[Records to process Boundary: Start]

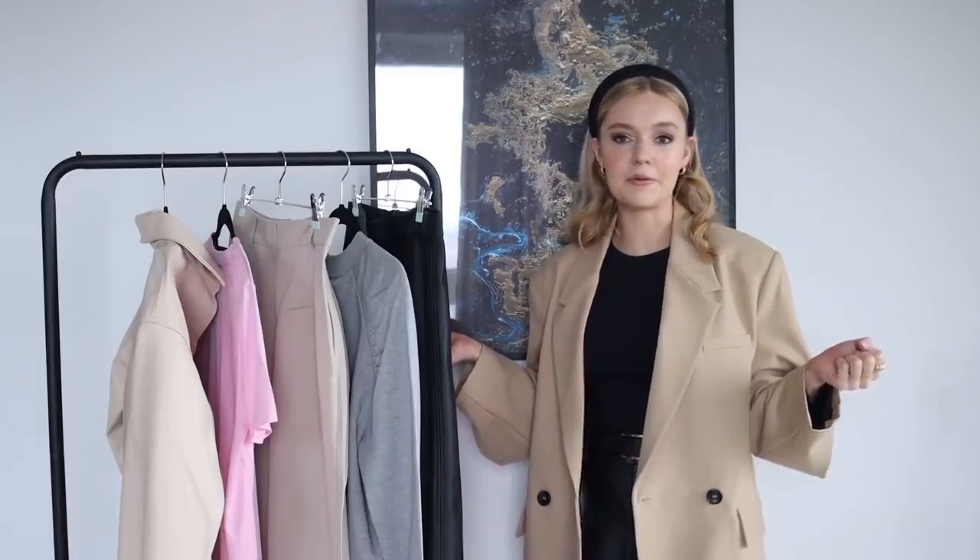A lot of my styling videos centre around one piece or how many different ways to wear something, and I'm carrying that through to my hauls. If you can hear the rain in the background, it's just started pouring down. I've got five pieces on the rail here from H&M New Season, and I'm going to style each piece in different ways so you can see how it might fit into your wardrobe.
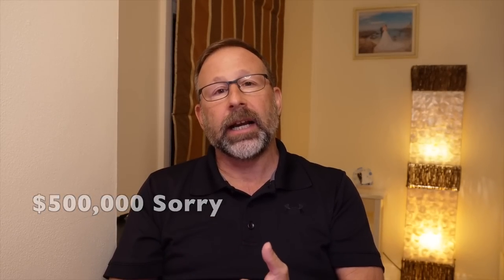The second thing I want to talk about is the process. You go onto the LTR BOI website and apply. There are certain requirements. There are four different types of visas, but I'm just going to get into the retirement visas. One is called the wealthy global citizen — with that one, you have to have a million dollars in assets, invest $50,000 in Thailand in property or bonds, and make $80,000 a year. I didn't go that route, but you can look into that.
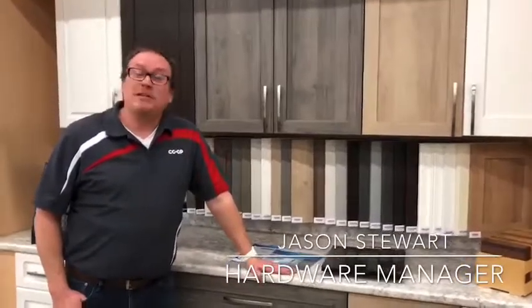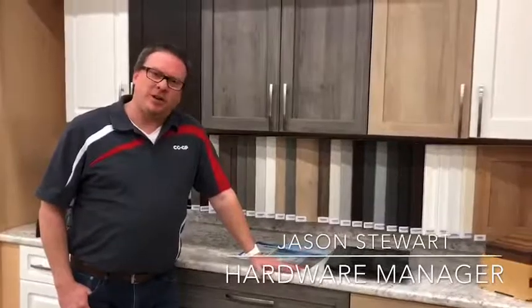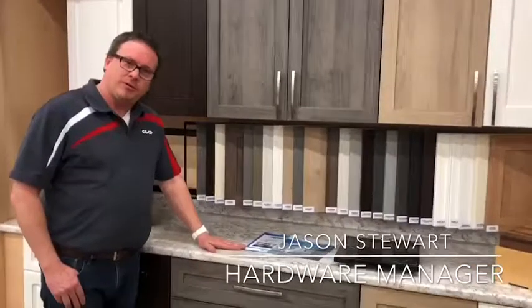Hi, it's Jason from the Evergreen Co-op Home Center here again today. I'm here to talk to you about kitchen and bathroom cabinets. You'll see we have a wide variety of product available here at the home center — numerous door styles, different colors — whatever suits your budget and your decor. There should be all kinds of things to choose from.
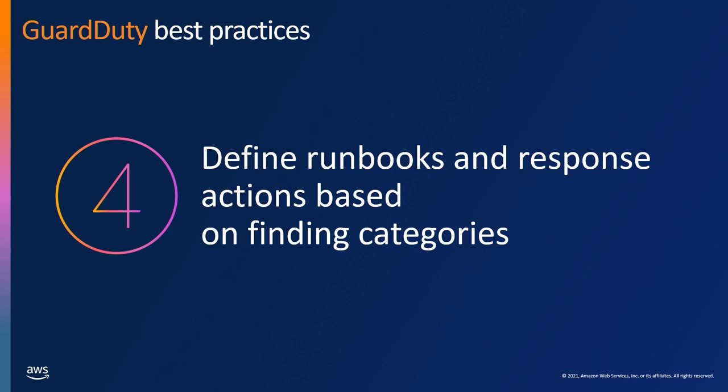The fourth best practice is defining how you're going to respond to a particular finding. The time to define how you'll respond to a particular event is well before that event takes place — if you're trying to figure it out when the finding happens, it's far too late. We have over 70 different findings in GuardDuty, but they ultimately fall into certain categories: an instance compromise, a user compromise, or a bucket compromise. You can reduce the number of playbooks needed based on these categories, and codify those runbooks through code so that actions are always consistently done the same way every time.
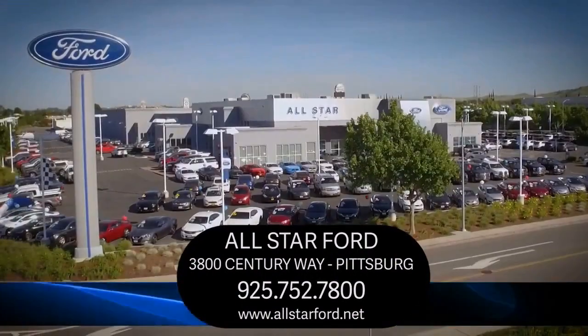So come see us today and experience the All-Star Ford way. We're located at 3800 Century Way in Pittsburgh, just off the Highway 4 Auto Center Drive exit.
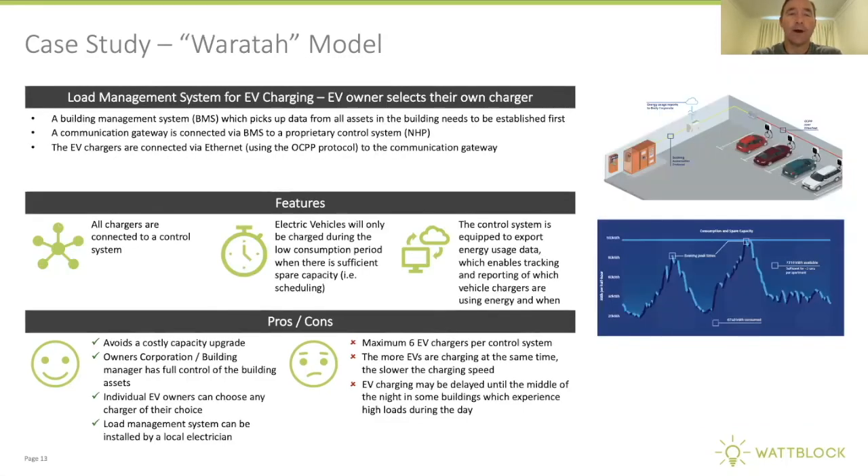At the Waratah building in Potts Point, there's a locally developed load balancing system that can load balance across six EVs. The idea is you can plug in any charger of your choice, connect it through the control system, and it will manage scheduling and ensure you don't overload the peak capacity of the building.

[Records to process Boundary: End]

**Required action**
The line containing "The fourth best" marks the end: retype every line from the first one in the listing up to and including it, without pictures.

**Worked solution**
A lot of my styling videos centre around one piece or how many different ways to wear something, and I'm carrying that through to my hauls. If you can hear the rain in the background, it's just started pouring down. I've got five pieces on the rail here from H&M New Season, and I'm going to style each piece in different ways so you can see how it might fit into your wardrobe.
The second thing I want to talk about is the process. You go onto the LTR BOI website and apply. There are certain requirements. There are four different types of visas, but I'm just going to get into the retirement visas. One is called the wealthy global citizen — with that one, you have to have a million dollars in assets, invest $50,000 in Thailand in property or bonds, and make $80,000 a year. I didn't go that route, but you can look into that.
Hi, it's Jason from the Evergreen Co-op Home Center here again today. I'm here to talk to you about kitchen and bathroom cabinets. You'll see we have a wide variety of product available here at the home center — numerous door styles, different colors — whatever suits your budget and your decor. There should be all kinds of things to choose from.
The fourth best practice is defining how you're going to respond to a particular finding. The time to define how you'll respond to a particular event is well before that event takes place — if you're trying to figure it out when the finding happens, it's far too late. We have over 70 different findings in GuardDuty, but they ultimately fall into certain categories: an instance compromise, a user compromise, or a bucket compromise. You can reduce the number of playbooks needed based on these categories, and codify those runbooks through code so that actions are always consistently done the same way every time.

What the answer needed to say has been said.